■ Dataset records:
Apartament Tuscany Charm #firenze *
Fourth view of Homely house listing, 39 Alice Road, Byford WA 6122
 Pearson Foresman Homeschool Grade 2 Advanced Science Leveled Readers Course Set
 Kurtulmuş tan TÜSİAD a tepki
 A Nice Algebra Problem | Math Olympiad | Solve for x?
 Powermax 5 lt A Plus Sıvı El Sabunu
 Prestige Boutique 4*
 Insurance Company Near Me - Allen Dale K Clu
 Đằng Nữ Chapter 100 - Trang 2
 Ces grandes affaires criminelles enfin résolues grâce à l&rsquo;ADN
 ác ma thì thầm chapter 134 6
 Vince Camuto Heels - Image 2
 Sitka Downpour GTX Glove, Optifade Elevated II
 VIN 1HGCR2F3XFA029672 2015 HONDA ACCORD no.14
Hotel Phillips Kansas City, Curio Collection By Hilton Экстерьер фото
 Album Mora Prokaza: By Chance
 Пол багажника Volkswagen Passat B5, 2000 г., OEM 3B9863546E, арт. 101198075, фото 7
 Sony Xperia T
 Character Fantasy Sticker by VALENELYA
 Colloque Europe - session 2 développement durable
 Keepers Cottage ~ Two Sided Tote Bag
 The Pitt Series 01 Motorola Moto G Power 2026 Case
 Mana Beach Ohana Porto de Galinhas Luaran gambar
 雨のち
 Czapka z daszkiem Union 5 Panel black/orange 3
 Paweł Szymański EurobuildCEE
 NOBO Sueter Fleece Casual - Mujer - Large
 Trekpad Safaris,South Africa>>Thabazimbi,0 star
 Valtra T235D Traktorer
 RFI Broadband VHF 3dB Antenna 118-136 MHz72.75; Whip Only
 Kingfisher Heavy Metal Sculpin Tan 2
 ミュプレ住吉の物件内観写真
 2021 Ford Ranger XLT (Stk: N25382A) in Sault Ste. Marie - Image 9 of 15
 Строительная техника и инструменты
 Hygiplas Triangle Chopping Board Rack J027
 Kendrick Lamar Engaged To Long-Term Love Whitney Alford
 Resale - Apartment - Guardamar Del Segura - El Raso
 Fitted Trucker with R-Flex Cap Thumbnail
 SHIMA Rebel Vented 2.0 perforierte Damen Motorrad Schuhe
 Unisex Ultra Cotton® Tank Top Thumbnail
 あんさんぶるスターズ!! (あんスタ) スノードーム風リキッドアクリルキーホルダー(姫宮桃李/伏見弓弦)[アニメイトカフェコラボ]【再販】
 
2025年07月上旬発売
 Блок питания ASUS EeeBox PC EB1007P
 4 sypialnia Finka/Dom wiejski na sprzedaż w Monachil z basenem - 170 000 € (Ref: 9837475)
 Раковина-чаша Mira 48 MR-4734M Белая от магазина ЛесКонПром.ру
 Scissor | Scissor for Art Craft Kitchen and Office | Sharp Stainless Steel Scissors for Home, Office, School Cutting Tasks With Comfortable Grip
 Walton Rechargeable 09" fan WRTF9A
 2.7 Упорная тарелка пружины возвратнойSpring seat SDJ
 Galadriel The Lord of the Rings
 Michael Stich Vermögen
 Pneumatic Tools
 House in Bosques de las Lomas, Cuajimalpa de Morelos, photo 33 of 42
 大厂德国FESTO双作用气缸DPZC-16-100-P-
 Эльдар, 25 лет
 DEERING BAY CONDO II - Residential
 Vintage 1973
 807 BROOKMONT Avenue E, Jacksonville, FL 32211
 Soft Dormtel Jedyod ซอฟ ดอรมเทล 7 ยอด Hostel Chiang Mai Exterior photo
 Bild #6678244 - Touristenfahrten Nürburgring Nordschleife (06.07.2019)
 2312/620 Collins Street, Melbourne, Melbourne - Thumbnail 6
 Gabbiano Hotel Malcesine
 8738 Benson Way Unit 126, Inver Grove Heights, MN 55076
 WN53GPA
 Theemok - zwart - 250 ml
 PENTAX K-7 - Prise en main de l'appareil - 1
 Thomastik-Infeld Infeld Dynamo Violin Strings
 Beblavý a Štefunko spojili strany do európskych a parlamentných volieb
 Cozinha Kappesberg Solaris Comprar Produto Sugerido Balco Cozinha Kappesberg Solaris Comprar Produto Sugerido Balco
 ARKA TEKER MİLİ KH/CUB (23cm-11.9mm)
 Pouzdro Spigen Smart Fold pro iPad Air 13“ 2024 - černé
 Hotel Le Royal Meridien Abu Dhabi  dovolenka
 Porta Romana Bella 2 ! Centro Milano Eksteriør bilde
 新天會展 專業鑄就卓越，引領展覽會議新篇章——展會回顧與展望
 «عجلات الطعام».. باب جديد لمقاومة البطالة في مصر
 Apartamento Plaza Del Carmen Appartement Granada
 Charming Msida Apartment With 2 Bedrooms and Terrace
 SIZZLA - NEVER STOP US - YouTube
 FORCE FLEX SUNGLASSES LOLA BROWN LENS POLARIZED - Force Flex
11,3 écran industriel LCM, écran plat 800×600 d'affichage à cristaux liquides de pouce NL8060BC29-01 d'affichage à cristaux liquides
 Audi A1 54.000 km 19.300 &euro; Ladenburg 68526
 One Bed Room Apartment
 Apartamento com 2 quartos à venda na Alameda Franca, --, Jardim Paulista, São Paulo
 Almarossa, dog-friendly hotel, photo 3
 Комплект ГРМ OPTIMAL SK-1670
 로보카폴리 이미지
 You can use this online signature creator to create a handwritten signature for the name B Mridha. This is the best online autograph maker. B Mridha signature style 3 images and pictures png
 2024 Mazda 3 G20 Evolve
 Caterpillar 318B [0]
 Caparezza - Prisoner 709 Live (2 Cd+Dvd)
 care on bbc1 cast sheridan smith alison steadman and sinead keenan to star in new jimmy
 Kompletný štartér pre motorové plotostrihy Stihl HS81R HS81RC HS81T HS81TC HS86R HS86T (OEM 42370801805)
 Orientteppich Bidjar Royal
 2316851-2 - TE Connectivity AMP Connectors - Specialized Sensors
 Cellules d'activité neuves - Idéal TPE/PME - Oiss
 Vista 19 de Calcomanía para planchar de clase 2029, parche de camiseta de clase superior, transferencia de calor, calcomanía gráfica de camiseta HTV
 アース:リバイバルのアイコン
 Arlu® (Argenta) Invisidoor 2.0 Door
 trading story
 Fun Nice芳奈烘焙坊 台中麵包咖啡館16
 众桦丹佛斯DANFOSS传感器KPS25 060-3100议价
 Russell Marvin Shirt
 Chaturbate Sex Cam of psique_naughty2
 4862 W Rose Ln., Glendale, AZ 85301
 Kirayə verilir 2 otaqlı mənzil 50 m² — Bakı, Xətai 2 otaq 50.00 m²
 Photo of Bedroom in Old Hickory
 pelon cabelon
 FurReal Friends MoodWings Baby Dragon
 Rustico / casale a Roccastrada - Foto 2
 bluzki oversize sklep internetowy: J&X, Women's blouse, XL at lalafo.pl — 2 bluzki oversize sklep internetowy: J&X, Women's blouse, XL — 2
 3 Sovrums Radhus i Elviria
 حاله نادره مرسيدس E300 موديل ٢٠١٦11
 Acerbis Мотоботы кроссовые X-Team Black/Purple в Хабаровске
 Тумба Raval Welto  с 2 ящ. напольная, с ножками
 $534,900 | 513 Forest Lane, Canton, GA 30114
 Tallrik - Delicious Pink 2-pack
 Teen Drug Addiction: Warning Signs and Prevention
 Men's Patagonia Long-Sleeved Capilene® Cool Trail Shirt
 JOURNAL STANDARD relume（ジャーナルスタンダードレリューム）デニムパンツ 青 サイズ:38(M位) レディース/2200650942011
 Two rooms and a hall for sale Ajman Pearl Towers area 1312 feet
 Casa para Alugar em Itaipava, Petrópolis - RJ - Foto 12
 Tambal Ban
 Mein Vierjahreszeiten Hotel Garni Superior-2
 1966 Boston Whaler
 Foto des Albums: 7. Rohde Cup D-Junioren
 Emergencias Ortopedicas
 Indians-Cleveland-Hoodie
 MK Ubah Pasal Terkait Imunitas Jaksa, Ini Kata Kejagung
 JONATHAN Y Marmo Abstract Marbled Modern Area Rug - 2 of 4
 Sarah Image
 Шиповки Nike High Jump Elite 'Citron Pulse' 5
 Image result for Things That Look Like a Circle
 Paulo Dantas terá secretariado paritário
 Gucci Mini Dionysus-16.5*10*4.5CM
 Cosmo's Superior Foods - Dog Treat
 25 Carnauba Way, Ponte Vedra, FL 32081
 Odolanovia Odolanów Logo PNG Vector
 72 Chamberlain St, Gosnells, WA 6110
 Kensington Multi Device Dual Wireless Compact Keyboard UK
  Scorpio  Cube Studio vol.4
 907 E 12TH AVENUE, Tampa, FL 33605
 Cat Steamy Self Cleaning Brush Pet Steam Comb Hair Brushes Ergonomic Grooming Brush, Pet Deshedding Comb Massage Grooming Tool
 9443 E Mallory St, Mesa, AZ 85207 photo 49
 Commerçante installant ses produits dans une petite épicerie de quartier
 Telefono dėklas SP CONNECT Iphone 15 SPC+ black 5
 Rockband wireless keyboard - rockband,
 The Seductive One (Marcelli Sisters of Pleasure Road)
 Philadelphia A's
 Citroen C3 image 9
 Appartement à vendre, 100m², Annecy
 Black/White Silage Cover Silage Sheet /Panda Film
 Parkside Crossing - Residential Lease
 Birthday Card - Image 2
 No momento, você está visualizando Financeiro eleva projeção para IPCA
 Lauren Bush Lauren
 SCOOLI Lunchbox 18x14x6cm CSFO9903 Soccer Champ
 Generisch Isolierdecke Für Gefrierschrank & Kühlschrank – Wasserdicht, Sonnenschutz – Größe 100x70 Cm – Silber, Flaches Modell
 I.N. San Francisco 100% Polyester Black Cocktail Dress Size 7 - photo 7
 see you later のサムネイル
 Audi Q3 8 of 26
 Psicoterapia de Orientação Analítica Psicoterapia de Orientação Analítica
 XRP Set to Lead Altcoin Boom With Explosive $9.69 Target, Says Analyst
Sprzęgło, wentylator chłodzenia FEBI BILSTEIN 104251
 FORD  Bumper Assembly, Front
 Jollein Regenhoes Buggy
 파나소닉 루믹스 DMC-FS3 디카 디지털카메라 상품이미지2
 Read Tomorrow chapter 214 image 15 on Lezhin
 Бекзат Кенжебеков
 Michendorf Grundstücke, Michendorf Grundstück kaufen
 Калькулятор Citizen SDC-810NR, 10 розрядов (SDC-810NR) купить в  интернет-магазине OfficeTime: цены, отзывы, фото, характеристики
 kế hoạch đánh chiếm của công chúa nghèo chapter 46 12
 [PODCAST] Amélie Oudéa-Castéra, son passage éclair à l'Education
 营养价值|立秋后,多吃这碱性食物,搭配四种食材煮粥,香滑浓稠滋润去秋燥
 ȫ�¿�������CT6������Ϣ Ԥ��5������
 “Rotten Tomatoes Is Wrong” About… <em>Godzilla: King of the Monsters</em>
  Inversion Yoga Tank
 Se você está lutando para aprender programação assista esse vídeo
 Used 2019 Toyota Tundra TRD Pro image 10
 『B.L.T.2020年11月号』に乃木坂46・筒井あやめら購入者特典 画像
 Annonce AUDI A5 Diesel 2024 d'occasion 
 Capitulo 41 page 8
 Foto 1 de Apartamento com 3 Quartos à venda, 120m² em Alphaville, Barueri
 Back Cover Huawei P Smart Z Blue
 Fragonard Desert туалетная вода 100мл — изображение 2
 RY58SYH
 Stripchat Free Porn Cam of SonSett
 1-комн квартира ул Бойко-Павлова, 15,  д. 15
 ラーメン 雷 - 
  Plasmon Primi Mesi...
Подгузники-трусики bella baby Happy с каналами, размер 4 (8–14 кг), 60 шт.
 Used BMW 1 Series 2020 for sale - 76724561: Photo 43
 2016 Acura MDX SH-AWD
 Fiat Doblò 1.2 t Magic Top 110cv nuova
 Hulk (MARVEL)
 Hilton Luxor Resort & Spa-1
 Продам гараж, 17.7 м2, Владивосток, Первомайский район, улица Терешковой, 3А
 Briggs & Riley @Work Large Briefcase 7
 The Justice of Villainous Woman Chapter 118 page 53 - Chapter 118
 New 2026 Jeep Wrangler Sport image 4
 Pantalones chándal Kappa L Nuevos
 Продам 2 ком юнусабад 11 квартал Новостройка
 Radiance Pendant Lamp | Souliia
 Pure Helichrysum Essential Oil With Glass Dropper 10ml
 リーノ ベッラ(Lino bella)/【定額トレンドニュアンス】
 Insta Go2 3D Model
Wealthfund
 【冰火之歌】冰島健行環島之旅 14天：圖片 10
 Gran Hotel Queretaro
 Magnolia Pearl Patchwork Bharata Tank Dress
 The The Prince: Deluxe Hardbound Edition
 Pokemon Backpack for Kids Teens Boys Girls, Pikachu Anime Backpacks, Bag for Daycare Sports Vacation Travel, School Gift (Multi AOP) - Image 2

■ Problem description:
Reproduce exactly the lines above from the line with "PENTAX K-7 - Prise en main de l'appareil - 1" to the line with "Apartamento Plaza Del", including both, and add nothing.

■ Answer for this exercise:
 PENTAX K-7 - Prise en main de l'appareil - 1
 Thomastik-Infeld Infeld Dynamo Violin Strings
 Beblavý a Štefunko spojili strany do európskych a parlamentných volieb
 Cozinha Kappesberg Solaris Comprar Produto Sugerido Balco Cozinha Kappesberg Solaris Comprar Produto Sugerido Balco
 ARKA TEKER MİLİ KH/CUB (23cm-11.9mm)
 Pouzdro Spigen Smart Fold pro iPad Air 13“ 2024 - černé
 Hotel Le Royal Meridien Abu Dhabi  dovolenka
 Porta Romana Bella 2 ! Centro Milano Eksteriør bilde
 新天會展 專業鑄就卓越，引領展覽會議新篇章——展會回顧與展望
 «عجلات الطعام».. باب جديد لمقاومة البطالة في مصر
 Apartamento Plaza Del Carmen Appartement Granada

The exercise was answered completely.